Recently, Kornell, Hays, and Bjork (2009) utilized a guessing procedure to minimize item-selection effects, in order to more clearly compare the effects of errors (in this case, incorrect guesses) versus study.Footnote 1 To illustrate, we will describe their Experiment 3 (the one most similar methodologically to the present experiments). Their materials included weakly associated English word pairs (e.g., factory–plant). Every item received two trials, and the second trial was always a study trial. The key manipulation concerned the type of first trial (i.e., the “pretrial”). In the guess condition, participants were shown only the cue (factory–?) and were prompted to guess a possible target. Without prior study, the guesses were almost always incorrect (96 % incorrect), minimizing item-selection concerns.Footnote 2 In the prestudy condition, both the cue and the target were presented for study. In both conditions, the pretrial was always followed immediately by the study trial for that item. The final cued-recall performance was significantly greater for guess than for prestudy items, suggesting that incorrect guesses are not inherently detrimental to performance, and can actually enhance performance to a greater degree than can additional study.

This initial demonstration that incorrect guessing can boost memory performance more than studying is intriguing, but what factors moderate the advantage of incorrect guesses over study?

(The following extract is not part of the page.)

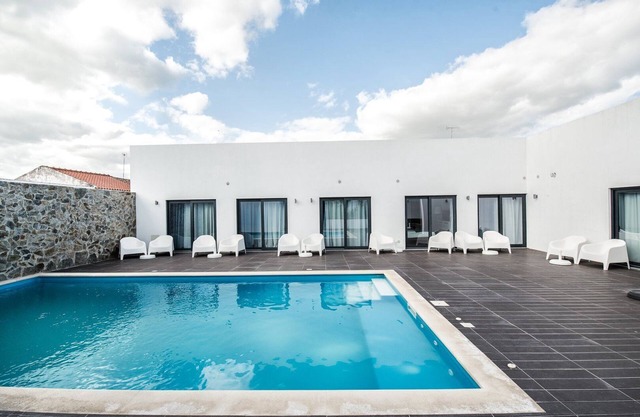 Casa de Baco - Estancia refrescante en Évora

Kornell et al. (2009) suggested that one factor may be the extent to which meaningful associations can be formed between the cue and target information. For example, Kornell et al. consistently found the benefit of incorrect guessing over study with weakly related word pairs but failed to find the effect with trivia facts (e.g., “Who invented snow golf? Rudyard Kipling”), many of which do not easily afford a semantic connection between question and answer. Corroborating the idea that the benefit of incorrect guessing over study may be limited to materials that afford meaningful associations, Izawa, Hayden, and Franklin (2005) found that failed retrieval attempts were worse than additional study on an interim criterion test with arbitrarily related consonant–vowel–consonant (CVC)–two-digit pairs.

Other than the suggestion that the benefit of incorrect guessing over study may depend on the kind of materials, no other moderators of this effect have been proposed or systematically explored. Accordingly, we conducted three experiments to examine the factors that may moderate the effectiveness of incorrect guessing over study. By comparison, the testing-effect literature has shown that several factors moderate the effectiveness of successful tests over study, including the amount of test practice and the timing of subsequent study (Roediger & Karpicke, 2006). Do these factors also moderate the effectiveness of incorrect guessing over study?

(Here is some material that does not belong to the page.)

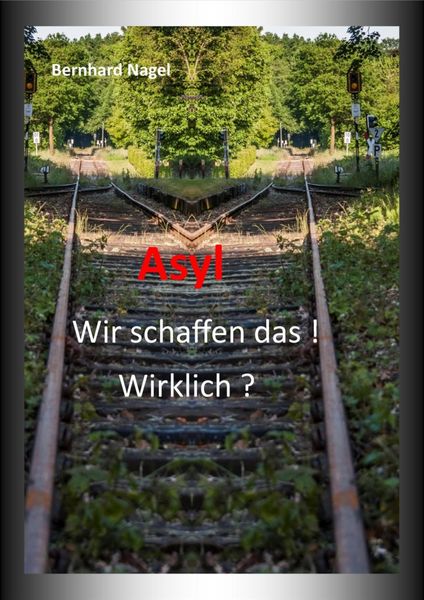Produktbild: Asyl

To examine whether the number of incorrect guesses and the timing of subsequent study moderate the effectiveness of incorrect guessing over study, we adopted the guessing procedure used by Kornell et al. (2009). Each experiment included pretrials (either guess or prestudy), followed by a study opportunity. In all three experiments, the key outcome was performance on an immediate final cued-recall test. In Experiment 1, we investigated the number of incorrect guess trials (one vs. three), whereas in Experiment 2 we manipulated the timing of subsequent study following an incorrect guess (delayed vs. immediate; Fig. 1 illustrates the sequence of trials in each condition). To foreshadow, the results indicated that the effectiveness of incorrect guessing over study was moderated by the timing of study but not by the number of incorrect guesses. Experiment 3 evaluated one account of why the timing of study may moderate the effect.

Fig. 1
figure 1

A diagram illustrating the sequence of trials as a function of type of pretrial and timing of study

Experiment 1

In Experiment 1, we manipulated the number of incorrect guess trials (one vs. three). Previous research has shown that increasing the number of successful tests during practice increases subsequent memory (e.g., Vaughn & Rawson, 2011). Does the same hold true for incorrect guesses? In Kornell et al. (2009), the advantage of incorrect guessing over study was observed with only one pretrial. If the number of incorrect guesses moderates the effect, one might expect an even greater advantage with three pretrials.

Method

A group of 52 undergraduates participated for course credit. The number of pretrials (one vs. three) was manipulated between participants, and the type of pretrial (guess vs. prestudy) was manipulated within participants.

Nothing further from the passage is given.